Any Products ordered that deviate from the Vendor's standard presentation and Product range may not be returned.
The Purchaser shall pay the carriage on returned Products.
With regard to electric and electronic Products, the Purchaser confirms that he will use the Products supplied exclusively in non-private households. Purchaser shall return the Products to the Vendor after they are no longer being used. Upon receipt of the returned Products by Purchaser, Vendor shall be responsible for the proper disposal of the Products. The Purchaser shall bind any third parties to whom it transfers the Products supplied to return them to the Vendor after their use has been ended or to properly dispose of the Products supplied in accordance with the legal provisions and at their own expense.
8. Claims and Complaints
Immediately upon receipt of the Products, the Purchaser shall examine the quality and identity of the Products to determine whether the Products are undamaged and complete. Complaints to the Vendor must be made in writing within 14 days of receipt of the Products. If a Complaint is not received by Vendor within said period, then the Products shall be deemed to have been accepted by Purchaser without complaint. On initial receipt of the Products, any visible damage to Products should immediately be brought to the attention of the forwarding agent and a complaint should be made.
In cases of justified complaints notified in time, the Vendor is entitled to replace the Products. In the event Vendor is unable to replace the Products, the Purchaser is entitled to a deduction of the Purchase Price or to a rescission of the contract. Purchaser shall have no other claims against the Vendor. Any complaint not received by Vendor within 12 months after delivery of the Products shall be deemed invalid.
The Vendor offers the following warranty regarding possible defects in Products supplied by the MedTech Division to the exclusion of all other claims: Upon acceptance by the Vendor of any claims due to faulty materials or faulty workmanship, which render the Product either unusable or partially unusable within 12 months from the date of delivery, the Vendor shall at its discretion either replace the faulty parts or repair the Product or part free of charge. The Purchaser shall grant the Vendor sufficient time and opportunity to carry out repairs and deliver replacement Products or parts. If the Purchaser fails to do so, the Vendor is discharged from its liability.

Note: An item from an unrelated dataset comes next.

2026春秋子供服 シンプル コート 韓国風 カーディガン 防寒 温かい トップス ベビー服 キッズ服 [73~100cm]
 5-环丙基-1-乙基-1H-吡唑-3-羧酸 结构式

In general, the existence of defects can only be confirmed by the Vendor if the Vendor is notified of these in writing immediately upon discovery, preferably with the enclosure of samples. The Purchaser must leave the faulty Products at the disposal of the Vendor.
Except as expressly provided herein, Vendor shall have no other duties, obligations or liabilities to Purchaser in connection with the purchase and sale of Products, absent willful misconduct and gross negligence. The Vendor´s liability for financial loss is limited to foreseeable losses.
9. General Matters
All offers and agreements are based on Incoterms 2000. Place of performance for deliveries is the place of dispatch; for payments the place of performance is Melsungen, Germany (bank account).
German law shall apply.
Melsungen (lower court) or Kassel (superior court) shall be the exclusive places of jurisdiction. The Vendor reserves the right to undertake legal proceeding against the Purchaser in the Purchaser's principal place of business according to the laws of said place.